# On Creme d' Nude



## cocomia (May 3, 2011)

I was gifted with a tube of Creme d' Nude a couple of months back and I haven't used it since trying it on to see how it would look like on me. I'm not a fan of concealer lips and that's exactly how it looks on me. I just wonder if there are any lipsticks you guys mix with this to make it more wearable/flattering. I have extremely warm medium Asian skin and pigmented lips. Sorry if I'm posting this in the wrong category, I haven't posted in a while and I'm still trying to find my way around the new site. Thanks.


----------



## Nepenthe (May 3, 2011)

I'd add a darker liner to add some definition to help down play the concealer effect.  Also, layering it with a favourite gloss gives a nice tint.. think peach, pink, plum or gold for something subtle.


----------



## afulton (May 3, 2011)

Nepenthe said:


> I'd add a darker liner to add some definition to help down play the concealer effect.  Also, layering it with a favourite gloss gives a nice tint.. think peach, pink, plum or gold for something subtle.


	This!
  	Add a dark liner and give it a pop of color with a lipgloss.  You will love it.


----------



## alexheartsmac (May 3, 2011)

trying pairing it with your favorite brighter shade of lipgloss/stick!


----------



## cocomia (May 4, 2011)

Thanks you guys! I paired it with Morange and it turned into a lovely bright peach.
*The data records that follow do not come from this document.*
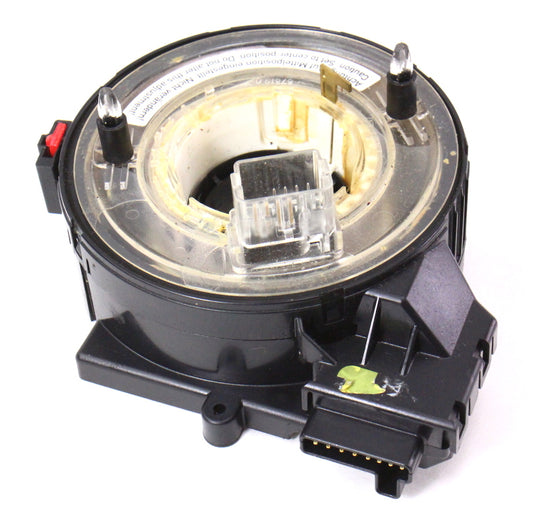 Air Bag Clock Spring Clockspring VW Passat B6 Genuine - 3C0 959 653 B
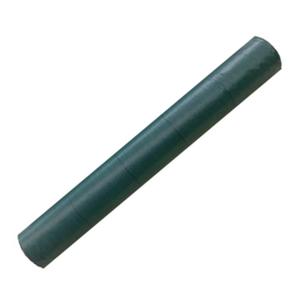 防草シート 密度135G 2m×100m グリ...の詳細画像2
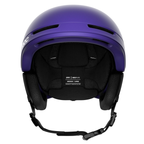 POC Obex Pure - Ametist Purple laskettelukypärä 2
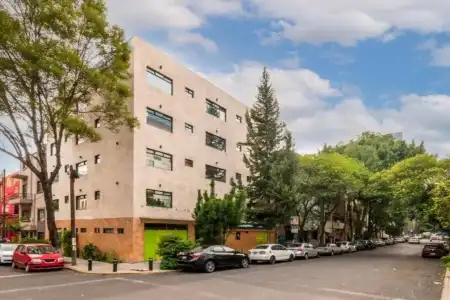 Capital O Df Inn - 11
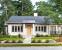 Open Concept Small Ranch House Plans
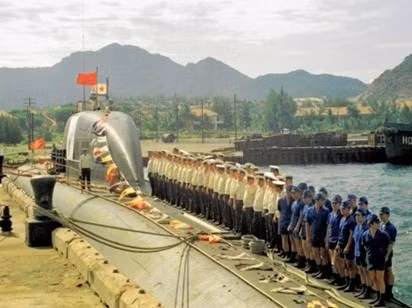 Lien Xo giup gi Viet Nam khi Trung Quoc tan cong nam 1979-Hinh-12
I can imagine it looking awesome topped with a pinky gloss to get a peach-pink effect.


----------



## Nepenthe (May 4, 2011)

Sounds gorgeous!


----------



## BeckyBenett (May 4, 2011)

yup.. i have warm asian skin.. and i love creme d nude.. i usually pair it with my turkish delight gloss to give it a slightly peachy finish and im all set!


----------